There are a few key pieces of my model of the future that make me think humans can probably retain significant amounts of property, rather than having it suddenly stolen from them as the result of other agents in the world solving a specific coordination problem.
These pieces include:
- Not all AIs in the future will be superintelligent. More intelligent models appear to require more computation to run. This is both because smarter models are larger (in parameter count) and use more inference time (such as OpenAI's o1). To save computational costs, future AIs will likely be aggressively optimized to only be as intelligent as they need to be, and no more. This means that in the future, there will likely be a spectrum of AIs of varying levels of intelligence, some much smarter than humans, others only slightly smarter, and still others merely human-level.
- As a result of the previous point, your statement that "ASIs produce all value in the economy" will likely not turn out correct. This is all highly uncertain, but I find it plausible that ASIs might not even be responsible for producing the majority of GDP in the future, given the possibility of a vastly more numerous population of less intelligent AIs that automate simpler tasks than the ones ASIs are best suited to do.
- The coordination problem you described appears to rely on a natural boundary between the "humans that produce ~nothing" and "the AIs that produce everything". Without this natural boundary, there is no guarantee that AIs will solve the specific coordination problem you identified, rather than another coordination problem that hits a different group. Non-uploaded humans will differ from AIs by being biological and by being older, but they will not necessarily differ from AIs by being less intelligent.
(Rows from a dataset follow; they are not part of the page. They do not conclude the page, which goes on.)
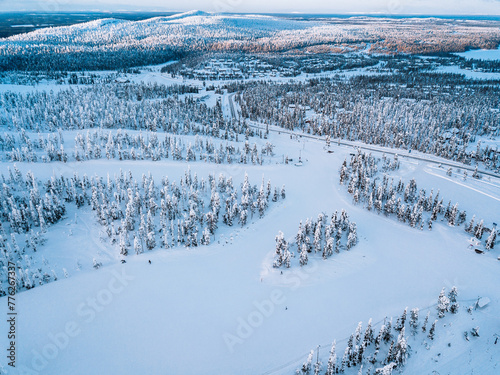 Aerial view of snow winter landscape with mountains, snow covered forests, frozen lakes and winter roads in Finland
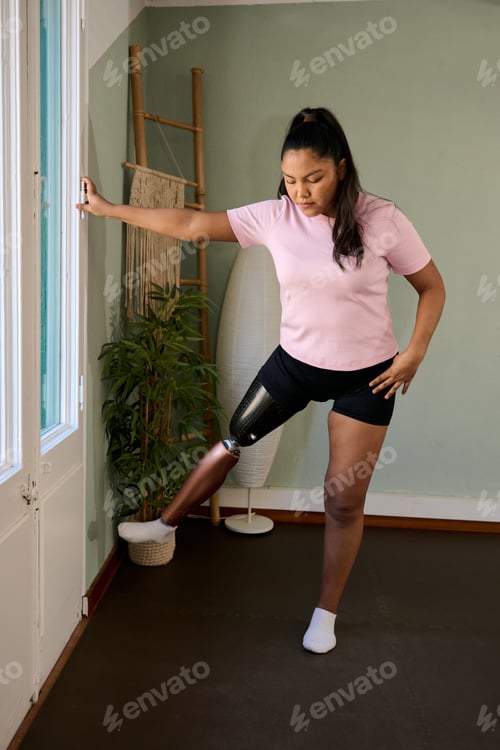 Preview: Woman with prosthetic leg exercising at home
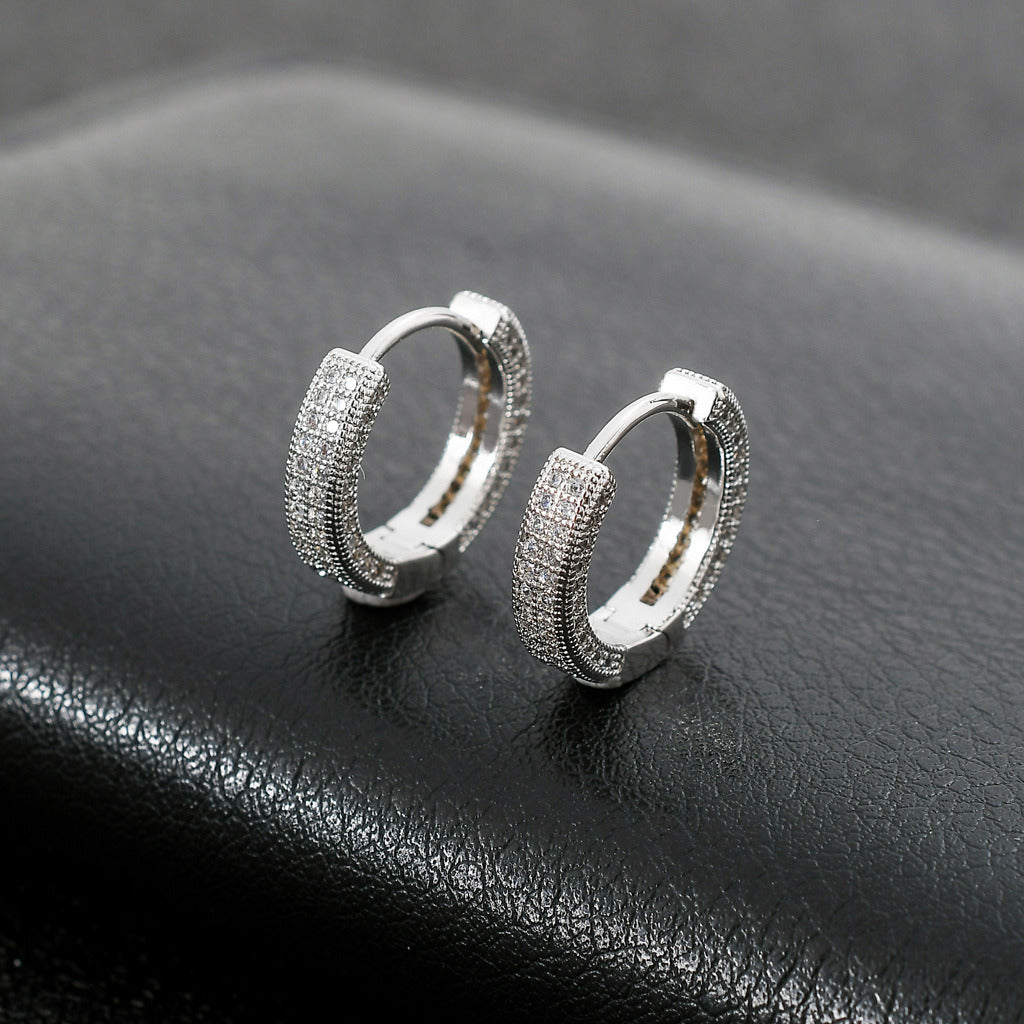 Close-up of a woman's ear wearing a Hoop Earrings Micro Encrusted Zircon Stud Earrings Bling Hip Hop Earrings For Men And Women.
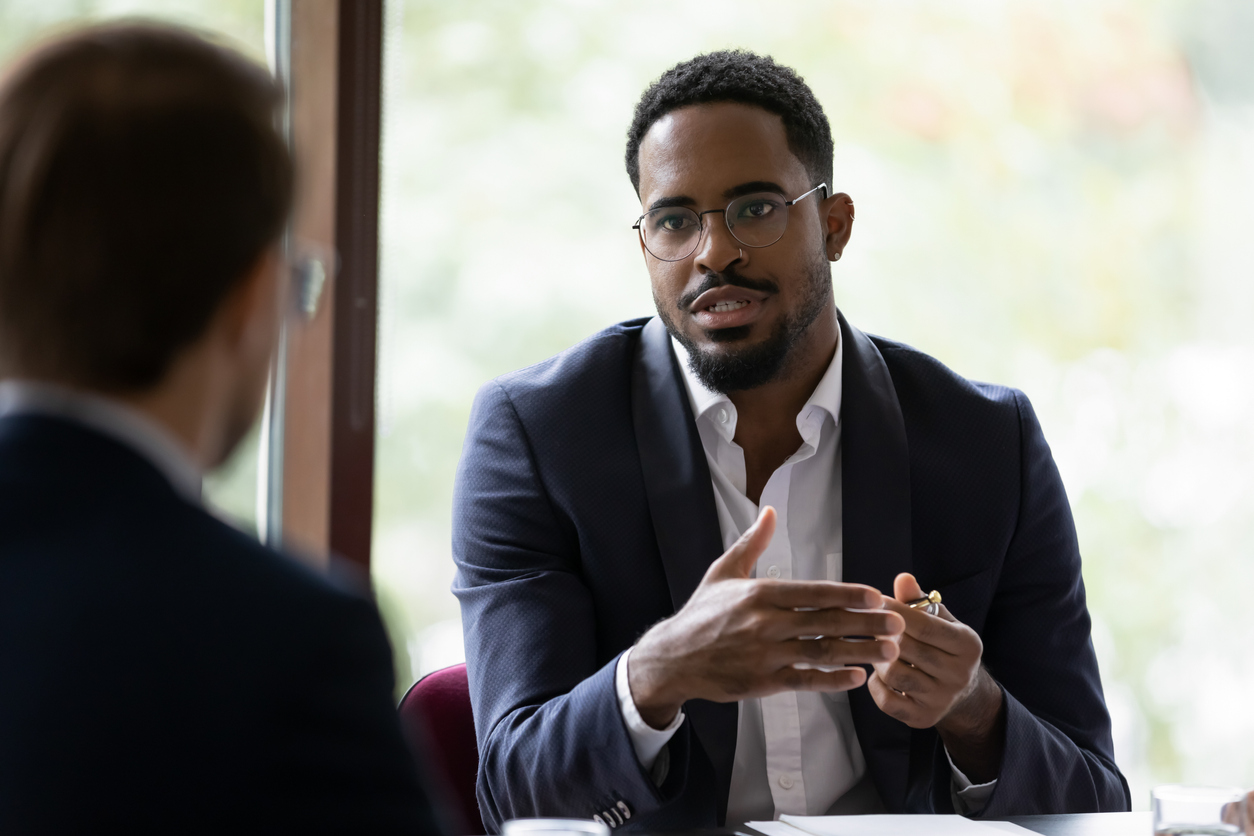 two businessmen talking in office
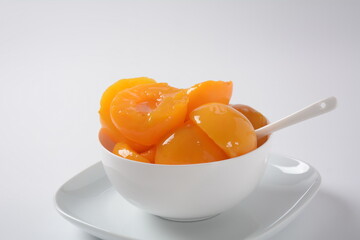 Sweet canned peaches in the ceramic bowl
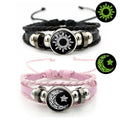 Multi-layered leather bracelet set featuring black and pink bands. Each adorned with a sun or moon token on a braided design.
- Therefore, even if future agents decide to solve a specific coordination problem that allows them to steal wealth from unproductive agents, it is not clear that this will take the form of those agents specifically stealing from humans. One can imagine different boundaries that make more sense to coordinate around, such as "laborer vs. property owner", which is indeed a type of political conflict the world already has experience with.
- In general, I expect legal systems to get more robust in the face of greater intelligence, rather than less robust, in the sense of being able to rely on legal systems when making contracts. I believe this partly as a result of the empirical fact that violent revolution and wealth appropriation appears to be correlated with less intelligence on a societal level. I concede that this point is not a very strong piece of evidence, however.
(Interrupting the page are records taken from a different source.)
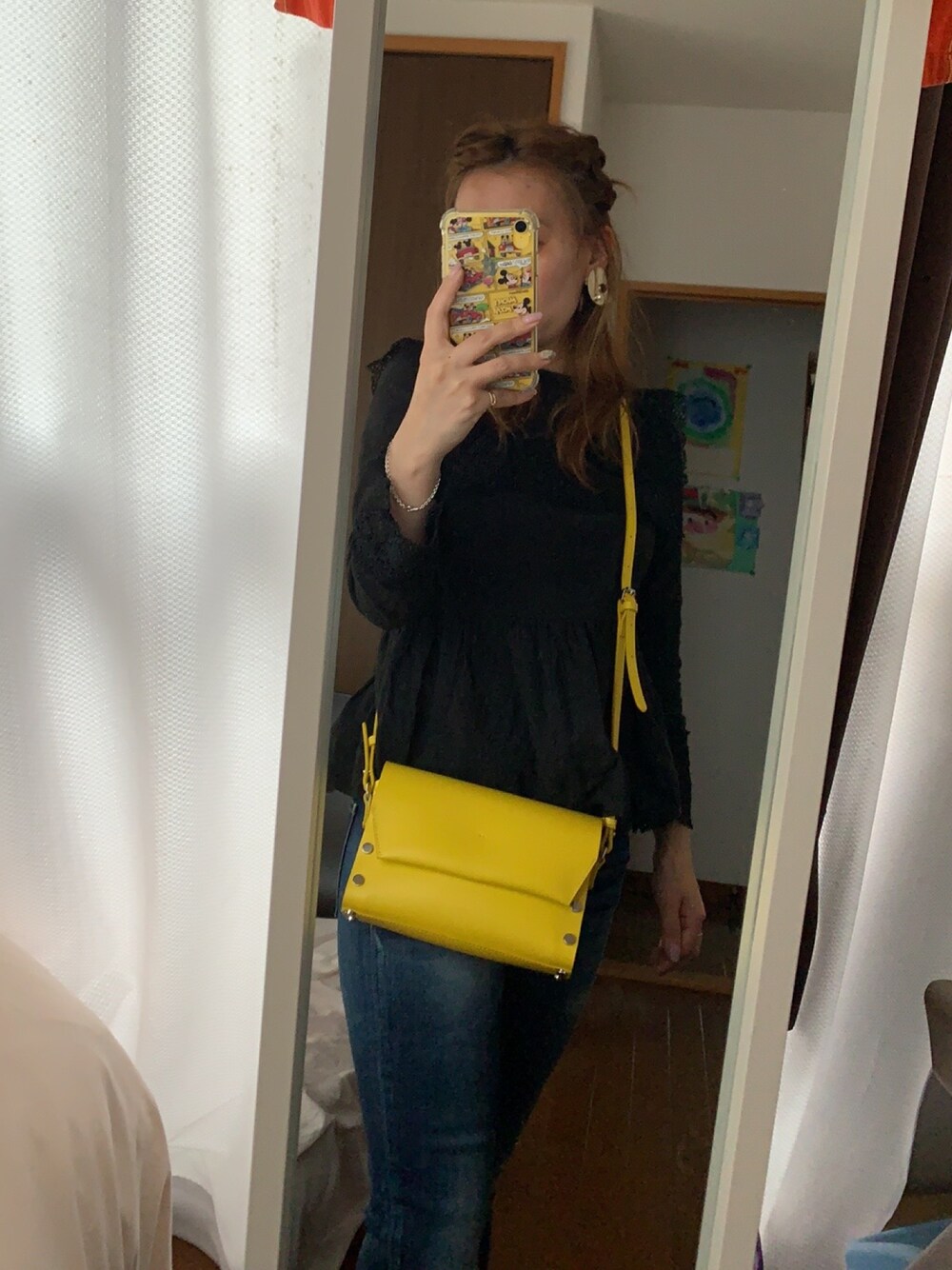 ブラック系のシャツ/ブラウス、イエロー系のショルダーバッグ、ブルー系のデニムパンツを着用したレディースの春コーディネートの1枚目の写真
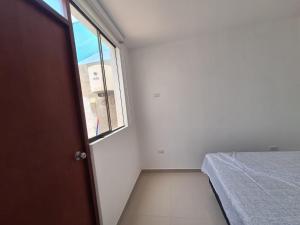 Ένα ή περισσότερα κρεβάτια σε δωμάτιο στο Casa privada EL REFUGIO SECRETO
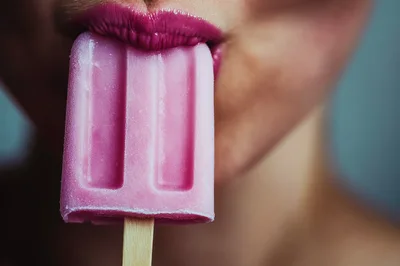 Close Up Of Woman Eating Pink Popsicle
- Building on (5), I generally expect AIs to calculate that it is not in their interest to expropriate wealth from other members of society, given how this could set a precedent for future wealth expropriation that comes back and hurts them selfishly. Even though many AIs will be smarter than humans, I don't think the mere fact that AIs will be very smart implies that expropriation becomes more rational.
- I'm basically just not convinced by the arguments that all ASIs will cooperate almost perfectly as a unit, against the non-ASIs. This is partly for the reasons given by my previous points, but also partly because I think coordination is hard, and doesn't necessarily get much easier with more intelligence, especially in a vastly larger world. When there are quadrillions of AIs in the world, coordination might become very difficult, even with greater intelligence.
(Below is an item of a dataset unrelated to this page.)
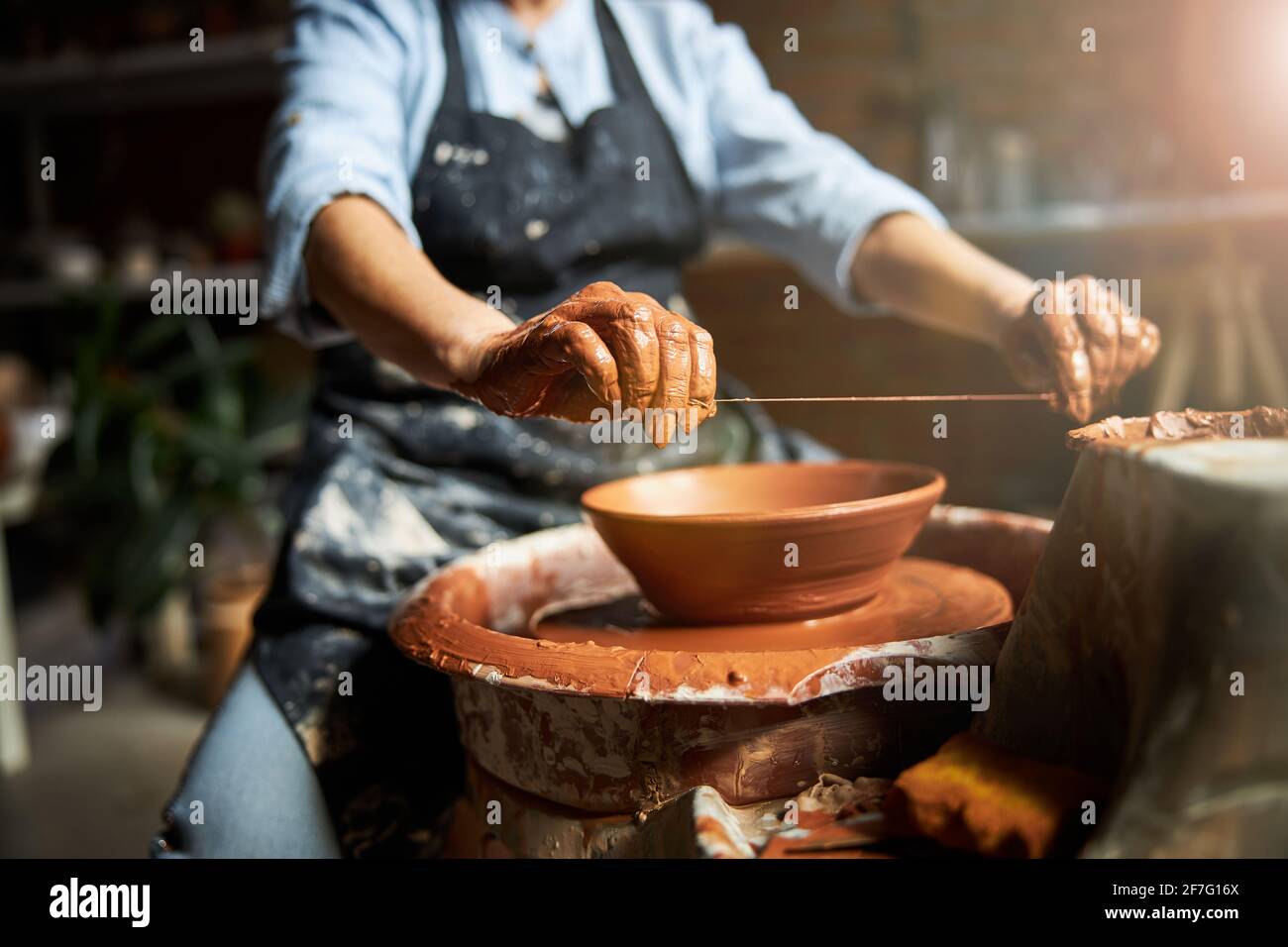 Female ceramic artist making clay bowl in pottery workshop Stock Photo ...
- Even if AIs do not specifically value human welfare, that does not directly imply that human labor will have no value. As an analogy, Amish folks often sell novelty items to earn income. Consumers don't need to specifically care about Amish people in order for Amish people to receive a sufficient income for them to live on. Even if a tiny fraction of consumer demand in the future is for stuff produced by humans, that could ensure high human wages simply because the economy will be so large.
- If ordinary capital is easier to scale than labor -- as it already is in our current world -- then human wages could remain high indefinitely simply because we will live in a capital-rich, labor-poor world. The arguments about human wages falling to subsistence level after AI tend to rely on the idea that AIs will be just as easy to scale as ordinary capital, which could easily turn out false as a consequence of (1) laws that hinder the creation of new AIs without proper permitting, (2) inherent difficulties with AI alignment, or (3) strong coordination that otherwise prevents malthusian growth in the AI population.
- This might be the most important point on my list, despite saying it last, but I think humans will likely be able to eventually upgrade their intelligence, better allowing them to "keep up" with the state of the world in the future.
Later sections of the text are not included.